■ REQUIREMENT ■
Exact reproduction of the listing is required. Pictures are not reproduced.

■ DATA PROVIDED ■
----
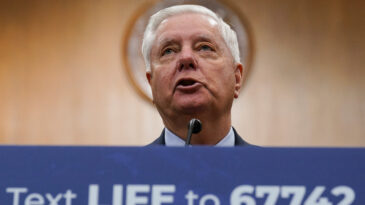 ABD'li Senat&ouml;rden Kriz &Ccedil;ıkaracak T&uuml;rkiye &Ccedil;ıkışı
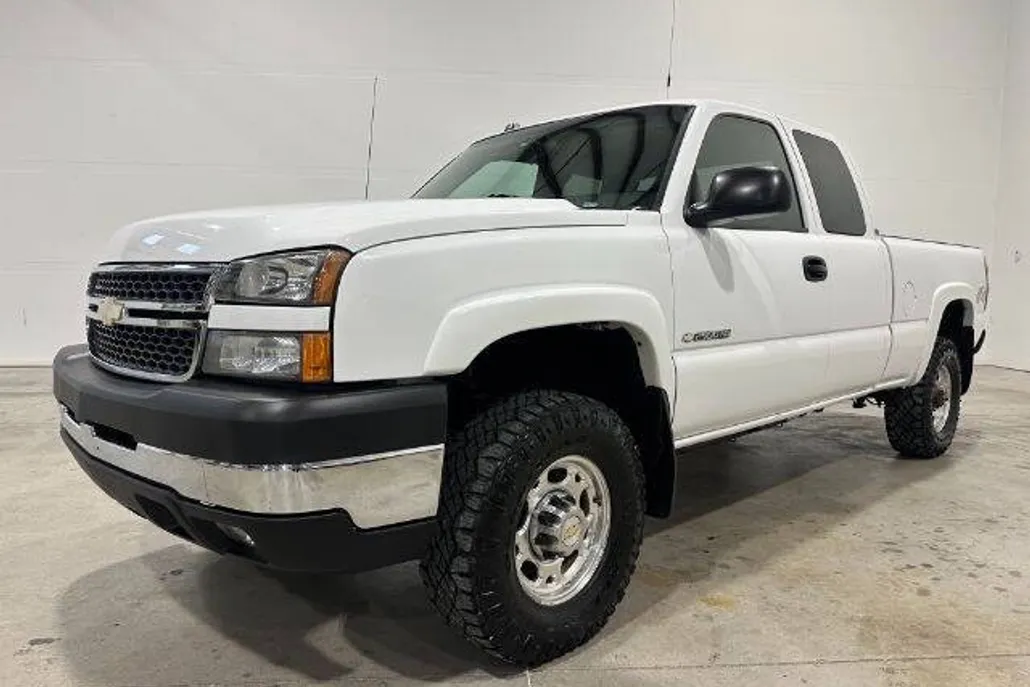 2005 Chevrolet Silverado 2500HD LS photo 1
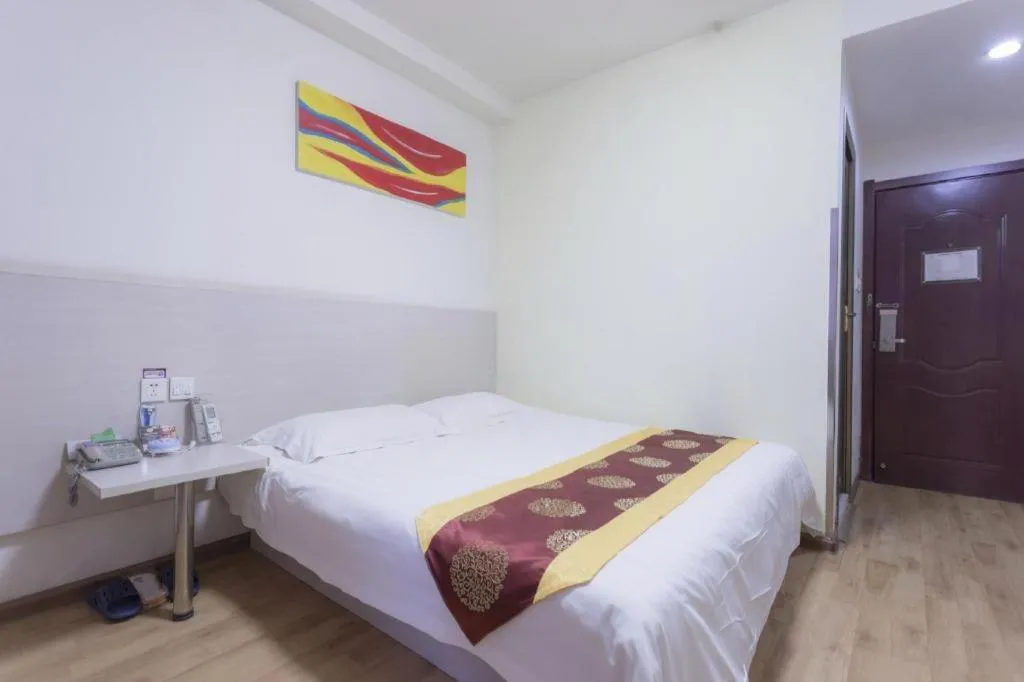 Bed in Kunlun Leju Business Hotel Kaifeng Gulou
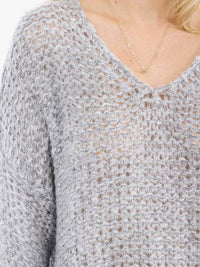 WOMEN'S LONG SLEEVE V-NECK OVERSIZED KNIT PULLOVER SWEATER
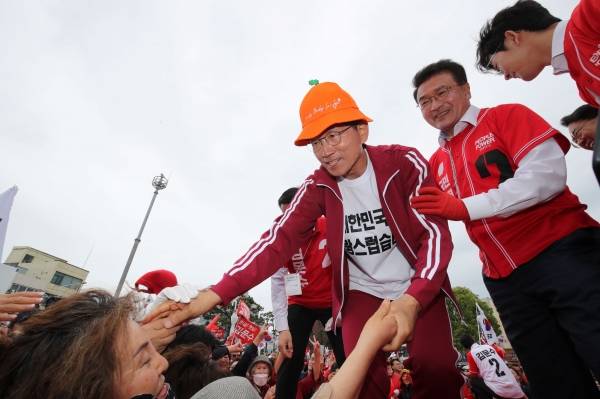 감귤 모양의 모자를 쓴 김문수 후보가 2일 제주도민들과 악수를 하며 지지를 호소했다. 제주도사진기자회 고봉수 기자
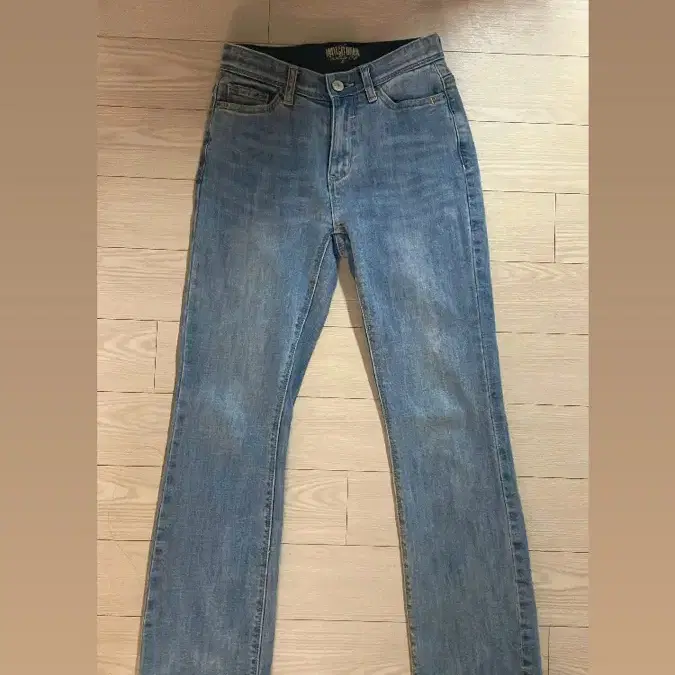 인디고뱅크 딱붙 인밴딩 언발 부츠컷 연청(사진보다 밝아요)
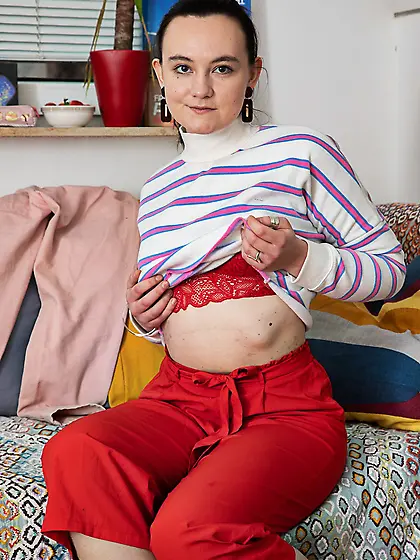 Katia D is ready to show her pussy and ass to get you horned up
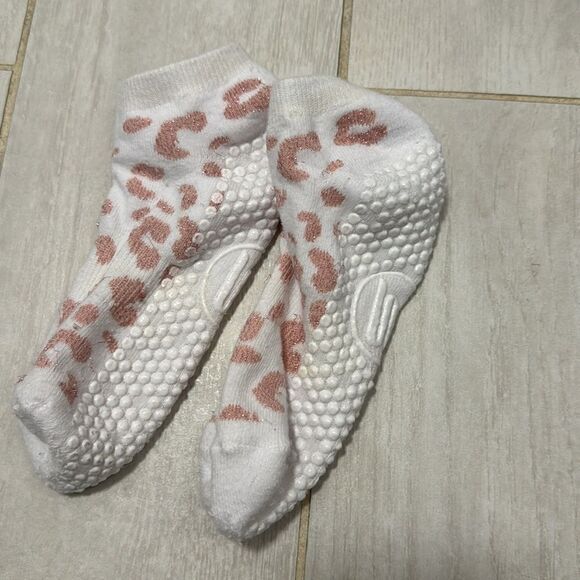 Pink leopard glitter Pilates grip socks OS - Picture 2 of 3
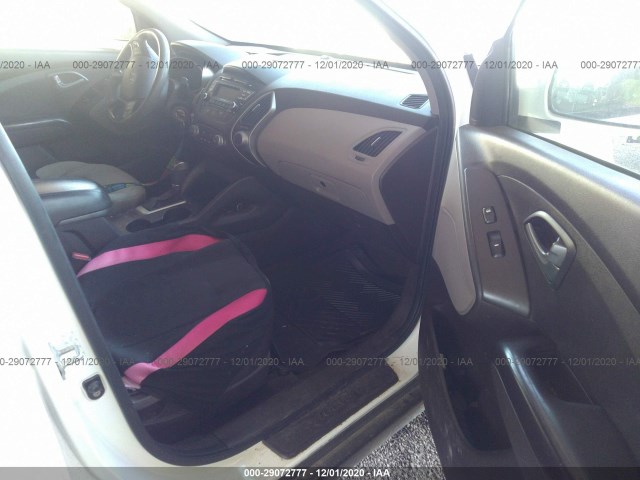 Photo 4 VIN: KM8JT3AF9EU820427 - HYUNDAI TUCSON 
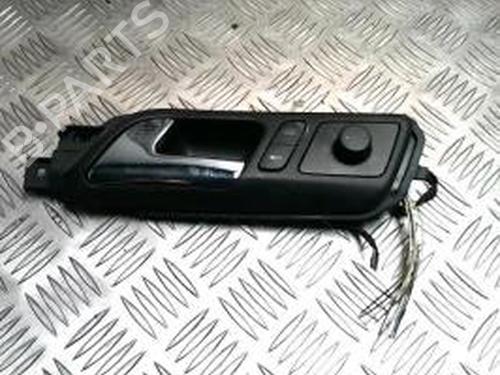 Used Front left interior door handle VW POLO (9N_, 9A_) 1.2 12V (64 hp) 25841178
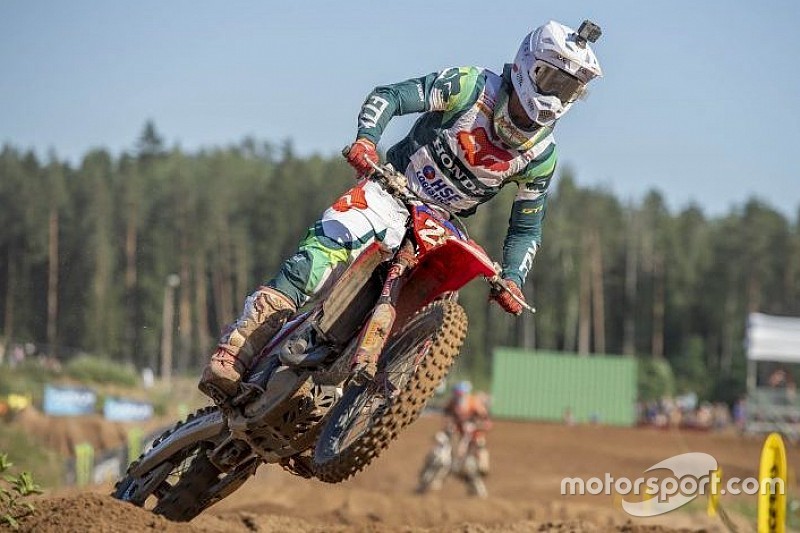 MXGP Letland: Gajser claimt zege na tiebreak, Cairoli valt hard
----
■ REPLY ■
 ABD'li Senat&ouml;rden Kriz &Ccedil;ıkaracak T&uuml;rkiye &Ccedil;ıkışı
 2005 Chevrolet Silverado 2500HD LS photo 1
 Bed in Kunlun Leju Business Hotel Kaifeng Gulou
 WOMEN'S LONG SLEEVE V-NECK OVERSIZED KNIT PULLOVER SWEATER
 감귤 모양의 모자를 쓴 김문수 후보가 2일 제주도민들과 악수를 하며 지지를 호소했다. 제주도사진기자회 고봉수 기자
 인디고뱅크 딱붙 인밴딩 언발 부츠컷 연청(사진보다 밝아요)
 Katia D is ready to show her pussy and ass to get you horned up
 Pink leopard glitter Pilates grip socks OS - Picture 2 of 3
 Photo 4 VIN: KM8JT3AF9EU820427 - HYUNDAI TUCSON 
 Used Front left interior door handle VW POLO (9N_, 9A_) 1.2 12V (64 hp) 25841178
 MXGP Letland: Gajser claimt zege na tiebreak, Cairoli valt hard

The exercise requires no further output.